Die Kleinmachnower BIK-Fraktion geht einen Schritt weiter. Der soziale Wohnungsbau solle besser über die kommunale Wohnungsgesellschaft und eine entsprechende Mietpreispolitik realisiert werden, sagt der Fraktionsvorsitzende Roland Templin. Es sei zynisch, den Leuten Wohnungen mit derart geminderter Qualität anzubieten, zudem sei die Nachfrage nach Gewerbeflächen wieder gestiegen.

Grundsätzlich zulässig sei die Bebauung, sagt Gemeindesprecherin Martina Bellack.

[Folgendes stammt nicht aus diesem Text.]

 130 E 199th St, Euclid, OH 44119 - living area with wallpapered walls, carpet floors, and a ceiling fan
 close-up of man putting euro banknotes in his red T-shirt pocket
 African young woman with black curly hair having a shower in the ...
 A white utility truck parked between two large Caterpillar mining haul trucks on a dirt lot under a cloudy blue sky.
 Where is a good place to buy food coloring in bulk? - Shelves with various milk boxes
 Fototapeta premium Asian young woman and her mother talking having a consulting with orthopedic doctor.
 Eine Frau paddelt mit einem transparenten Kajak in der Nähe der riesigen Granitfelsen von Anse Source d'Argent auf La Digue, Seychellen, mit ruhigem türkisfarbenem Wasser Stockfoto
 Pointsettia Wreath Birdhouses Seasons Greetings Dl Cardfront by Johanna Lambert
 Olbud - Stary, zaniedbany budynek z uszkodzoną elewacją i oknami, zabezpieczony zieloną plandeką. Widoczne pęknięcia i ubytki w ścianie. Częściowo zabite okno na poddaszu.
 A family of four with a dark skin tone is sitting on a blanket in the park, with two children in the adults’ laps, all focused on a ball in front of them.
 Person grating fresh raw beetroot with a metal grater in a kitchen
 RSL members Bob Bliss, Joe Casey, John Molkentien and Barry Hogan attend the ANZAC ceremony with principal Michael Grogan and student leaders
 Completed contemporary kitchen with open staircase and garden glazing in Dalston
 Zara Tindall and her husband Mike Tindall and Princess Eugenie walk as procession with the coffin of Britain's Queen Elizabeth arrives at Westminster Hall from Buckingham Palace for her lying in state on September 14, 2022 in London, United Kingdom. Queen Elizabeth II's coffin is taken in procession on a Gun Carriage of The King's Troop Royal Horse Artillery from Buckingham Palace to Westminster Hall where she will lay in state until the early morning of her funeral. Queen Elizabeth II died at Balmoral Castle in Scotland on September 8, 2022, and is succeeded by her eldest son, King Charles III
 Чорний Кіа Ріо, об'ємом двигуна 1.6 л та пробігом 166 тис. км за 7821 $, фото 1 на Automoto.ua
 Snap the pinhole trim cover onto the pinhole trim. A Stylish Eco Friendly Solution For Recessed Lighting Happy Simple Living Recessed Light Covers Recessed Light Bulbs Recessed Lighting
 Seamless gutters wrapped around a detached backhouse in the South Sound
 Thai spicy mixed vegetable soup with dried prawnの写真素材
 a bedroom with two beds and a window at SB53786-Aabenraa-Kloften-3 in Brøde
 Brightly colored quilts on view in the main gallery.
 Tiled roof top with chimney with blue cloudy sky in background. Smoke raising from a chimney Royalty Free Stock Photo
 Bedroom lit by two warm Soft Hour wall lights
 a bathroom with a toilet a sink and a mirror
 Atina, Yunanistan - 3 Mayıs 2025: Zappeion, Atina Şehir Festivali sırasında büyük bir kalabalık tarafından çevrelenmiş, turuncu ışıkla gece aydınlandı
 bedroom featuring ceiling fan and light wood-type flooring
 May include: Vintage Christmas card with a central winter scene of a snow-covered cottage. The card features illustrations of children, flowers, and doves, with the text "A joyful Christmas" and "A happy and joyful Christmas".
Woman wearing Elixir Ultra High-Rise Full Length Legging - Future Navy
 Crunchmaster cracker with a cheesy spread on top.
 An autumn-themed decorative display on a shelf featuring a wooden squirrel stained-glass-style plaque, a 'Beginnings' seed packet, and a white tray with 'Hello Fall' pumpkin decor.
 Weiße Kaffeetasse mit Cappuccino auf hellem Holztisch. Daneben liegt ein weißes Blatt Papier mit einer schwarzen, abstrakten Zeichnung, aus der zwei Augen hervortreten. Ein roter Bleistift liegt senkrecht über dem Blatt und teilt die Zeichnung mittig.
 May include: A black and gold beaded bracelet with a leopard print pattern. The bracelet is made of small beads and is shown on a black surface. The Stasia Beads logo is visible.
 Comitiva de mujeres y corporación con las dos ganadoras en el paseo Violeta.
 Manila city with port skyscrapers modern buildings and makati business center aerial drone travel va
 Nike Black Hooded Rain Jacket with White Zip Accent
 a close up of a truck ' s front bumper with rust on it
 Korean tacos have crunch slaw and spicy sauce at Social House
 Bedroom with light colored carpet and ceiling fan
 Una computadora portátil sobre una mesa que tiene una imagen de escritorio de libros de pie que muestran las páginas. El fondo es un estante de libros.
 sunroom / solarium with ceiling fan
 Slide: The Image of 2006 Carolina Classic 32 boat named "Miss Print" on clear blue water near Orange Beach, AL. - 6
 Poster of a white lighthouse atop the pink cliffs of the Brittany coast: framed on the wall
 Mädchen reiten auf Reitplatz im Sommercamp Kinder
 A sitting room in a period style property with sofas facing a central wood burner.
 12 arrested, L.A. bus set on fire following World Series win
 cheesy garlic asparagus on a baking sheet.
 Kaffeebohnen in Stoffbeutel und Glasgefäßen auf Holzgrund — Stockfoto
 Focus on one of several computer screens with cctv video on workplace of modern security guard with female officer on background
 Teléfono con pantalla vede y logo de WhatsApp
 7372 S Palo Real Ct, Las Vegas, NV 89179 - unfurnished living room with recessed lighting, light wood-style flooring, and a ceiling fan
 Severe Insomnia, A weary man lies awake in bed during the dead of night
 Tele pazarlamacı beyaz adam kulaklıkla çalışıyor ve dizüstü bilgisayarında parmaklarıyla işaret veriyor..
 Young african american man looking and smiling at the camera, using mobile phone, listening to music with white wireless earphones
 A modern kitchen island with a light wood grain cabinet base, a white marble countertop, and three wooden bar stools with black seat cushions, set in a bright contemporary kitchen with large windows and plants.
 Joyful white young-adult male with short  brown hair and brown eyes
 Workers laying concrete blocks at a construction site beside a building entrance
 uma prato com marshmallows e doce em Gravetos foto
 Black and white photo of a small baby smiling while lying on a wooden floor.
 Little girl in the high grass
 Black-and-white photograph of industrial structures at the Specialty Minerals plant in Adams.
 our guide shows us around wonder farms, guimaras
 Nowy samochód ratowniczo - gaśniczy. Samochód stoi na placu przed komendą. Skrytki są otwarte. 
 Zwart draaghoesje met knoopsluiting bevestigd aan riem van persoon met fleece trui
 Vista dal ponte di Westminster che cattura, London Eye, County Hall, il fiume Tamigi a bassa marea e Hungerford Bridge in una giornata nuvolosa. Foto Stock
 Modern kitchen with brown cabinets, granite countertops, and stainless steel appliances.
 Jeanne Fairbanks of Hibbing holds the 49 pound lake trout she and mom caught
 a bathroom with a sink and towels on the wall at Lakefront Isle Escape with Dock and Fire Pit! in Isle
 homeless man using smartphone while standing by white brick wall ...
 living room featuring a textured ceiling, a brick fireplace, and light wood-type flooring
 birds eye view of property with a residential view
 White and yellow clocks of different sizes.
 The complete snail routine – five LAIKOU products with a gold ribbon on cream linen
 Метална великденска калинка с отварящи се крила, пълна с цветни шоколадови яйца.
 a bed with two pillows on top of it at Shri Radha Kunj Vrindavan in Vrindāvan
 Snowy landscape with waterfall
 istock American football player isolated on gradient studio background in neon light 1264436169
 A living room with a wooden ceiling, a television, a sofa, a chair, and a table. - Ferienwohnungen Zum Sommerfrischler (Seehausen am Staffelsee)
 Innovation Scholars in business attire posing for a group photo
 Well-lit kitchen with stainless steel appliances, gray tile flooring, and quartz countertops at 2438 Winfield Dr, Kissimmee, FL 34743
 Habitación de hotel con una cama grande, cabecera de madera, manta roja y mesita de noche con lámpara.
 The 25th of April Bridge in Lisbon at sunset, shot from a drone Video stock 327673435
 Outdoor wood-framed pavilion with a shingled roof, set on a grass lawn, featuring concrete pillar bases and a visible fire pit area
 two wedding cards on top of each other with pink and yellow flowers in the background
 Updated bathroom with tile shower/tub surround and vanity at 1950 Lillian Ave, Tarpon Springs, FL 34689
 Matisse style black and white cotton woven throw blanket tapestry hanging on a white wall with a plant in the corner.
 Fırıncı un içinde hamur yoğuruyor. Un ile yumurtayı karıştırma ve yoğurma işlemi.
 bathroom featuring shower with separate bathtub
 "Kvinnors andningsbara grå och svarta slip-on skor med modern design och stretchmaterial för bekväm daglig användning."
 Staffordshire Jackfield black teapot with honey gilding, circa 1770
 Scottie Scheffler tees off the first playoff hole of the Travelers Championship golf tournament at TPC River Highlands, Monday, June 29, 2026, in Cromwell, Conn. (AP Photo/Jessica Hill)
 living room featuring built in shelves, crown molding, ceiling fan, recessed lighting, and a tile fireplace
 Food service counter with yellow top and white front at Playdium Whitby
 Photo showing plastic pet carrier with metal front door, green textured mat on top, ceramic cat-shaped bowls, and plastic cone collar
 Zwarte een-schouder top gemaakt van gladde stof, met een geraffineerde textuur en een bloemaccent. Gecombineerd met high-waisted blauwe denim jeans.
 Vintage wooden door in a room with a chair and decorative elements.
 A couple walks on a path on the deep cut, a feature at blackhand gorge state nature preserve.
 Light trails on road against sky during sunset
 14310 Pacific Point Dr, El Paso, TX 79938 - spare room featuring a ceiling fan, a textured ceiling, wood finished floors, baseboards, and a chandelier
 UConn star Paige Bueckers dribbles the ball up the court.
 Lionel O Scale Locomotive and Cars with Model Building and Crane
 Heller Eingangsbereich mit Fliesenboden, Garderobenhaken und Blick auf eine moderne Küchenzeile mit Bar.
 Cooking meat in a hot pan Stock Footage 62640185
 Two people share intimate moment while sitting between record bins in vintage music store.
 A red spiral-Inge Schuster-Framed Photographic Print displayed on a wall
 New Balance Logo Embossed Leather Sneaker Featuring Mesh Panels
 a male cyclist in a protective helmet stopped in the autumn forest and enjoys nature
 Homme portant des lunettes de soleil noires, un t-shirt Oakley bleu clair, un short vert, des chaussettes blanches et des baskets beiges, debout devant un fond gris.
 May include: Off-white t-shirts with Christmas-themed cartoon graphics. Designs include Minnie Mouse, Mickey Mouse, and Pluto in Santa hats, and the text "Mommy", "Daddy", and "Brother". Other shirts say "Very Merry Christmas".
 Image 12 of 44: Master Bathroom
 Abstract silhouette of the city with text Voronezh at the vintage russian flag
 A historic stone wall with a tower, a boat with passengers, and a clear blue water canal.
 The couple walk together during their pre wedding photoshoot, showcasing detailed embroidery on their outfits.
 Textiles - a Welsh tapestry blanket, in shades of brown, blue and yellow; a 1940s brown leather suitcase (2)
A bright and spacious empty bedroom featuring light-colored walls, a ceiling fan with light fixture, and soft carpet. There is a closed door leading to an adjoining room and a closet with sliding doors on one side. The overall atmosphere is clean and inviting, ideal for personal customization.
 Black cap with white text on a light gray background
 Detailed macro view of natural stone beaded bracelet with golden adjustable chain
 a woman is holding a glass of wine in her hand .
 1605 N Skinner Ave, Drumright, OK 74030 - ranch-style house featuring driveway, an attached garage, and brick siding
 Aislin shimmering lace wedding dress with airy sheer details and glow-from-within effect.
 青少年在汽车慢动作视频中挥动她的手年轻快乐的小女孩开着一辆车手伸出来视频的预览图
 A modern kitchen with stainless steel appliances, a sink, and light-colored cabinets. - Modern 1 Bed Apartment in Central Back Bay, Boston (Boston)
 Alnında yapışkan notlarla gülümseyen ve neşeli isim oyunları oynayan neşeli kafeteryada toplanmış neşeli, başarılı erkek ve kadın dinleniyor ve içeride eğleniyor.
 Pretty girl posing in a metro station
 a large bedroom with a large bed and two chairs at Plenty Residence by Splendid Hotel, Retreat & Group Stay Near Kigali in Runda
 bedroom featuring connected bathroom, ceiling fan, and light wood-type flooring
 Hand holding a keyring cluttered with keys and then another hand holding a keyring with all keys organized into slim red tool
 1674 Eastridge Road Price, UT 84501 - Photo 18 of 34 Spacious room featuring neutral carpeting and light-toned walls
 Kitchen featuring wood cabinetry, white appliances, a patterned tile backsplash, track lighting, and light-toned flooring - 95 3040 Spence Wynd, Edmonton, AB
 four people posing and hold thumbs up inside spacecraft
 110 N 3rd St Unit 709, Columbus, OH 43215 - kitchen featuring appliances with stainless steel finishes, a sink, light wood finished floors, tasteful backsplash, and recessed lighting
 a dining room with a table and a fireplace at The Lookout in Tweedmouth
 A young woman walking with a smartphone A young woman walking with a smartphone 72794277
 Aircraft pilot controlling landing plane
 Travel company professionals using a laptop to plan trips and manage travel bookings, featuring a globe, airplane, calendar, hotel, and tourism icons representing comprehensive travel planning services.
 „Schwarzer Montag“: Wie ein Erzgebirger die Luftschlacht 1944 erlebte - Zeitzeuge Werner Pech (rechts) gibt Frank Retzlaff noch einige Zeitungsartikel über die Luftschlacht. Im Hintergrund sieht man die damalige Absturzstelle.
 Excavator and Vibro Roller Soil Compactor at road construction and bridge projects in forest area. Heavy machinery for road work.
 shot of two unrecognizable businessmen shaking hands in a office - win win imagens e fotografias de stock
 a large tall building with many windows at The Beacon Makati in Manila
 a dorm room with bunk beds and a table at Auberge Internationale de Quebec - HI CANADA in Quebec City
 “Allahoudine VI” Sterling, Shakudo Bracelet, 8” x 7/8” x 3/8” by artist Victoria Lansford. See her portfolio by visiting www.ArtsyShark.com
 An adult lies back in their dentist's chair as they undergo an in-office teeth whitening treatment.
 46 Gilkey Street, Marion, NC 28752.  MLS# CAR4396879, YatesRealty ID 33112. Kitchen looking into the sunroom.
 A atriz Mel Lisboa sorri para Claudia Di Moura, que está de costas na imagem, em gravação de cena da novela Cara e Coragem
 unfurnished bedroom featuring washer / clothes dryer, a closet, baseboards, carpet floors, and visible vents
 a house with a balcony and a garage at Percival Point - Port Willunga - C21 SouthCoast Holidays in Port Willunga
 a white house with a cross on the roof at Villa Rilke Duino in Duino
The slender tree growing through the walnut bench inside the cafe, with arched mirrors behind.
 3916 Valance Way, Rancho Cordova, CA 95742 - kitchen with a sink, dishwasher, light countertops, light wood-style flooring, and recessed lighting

Anhand der geltenden Richtlinien seien nach Ansicht der Verwaltung keine Gesundheitsgefahren erkennbar.

„Eine blöde Situation“, sagt Roland Templin. Da die Gemeinde aus freien Stücken mit der Bebauung an die Autobahn heranrücke, lasse sich später der Wunsch nach einem Tempolimit auf der Autobahn zur Minderung des Lärms kaum begründen, meint er. Mit Stimmen seiner Fraktion sowie der CDU und Grünen haben die Hauptausschuss-Mitglieder eine weitere Behandlung der Vorlagen in der nächsten Gemeindevertretersitzung abgelehnt.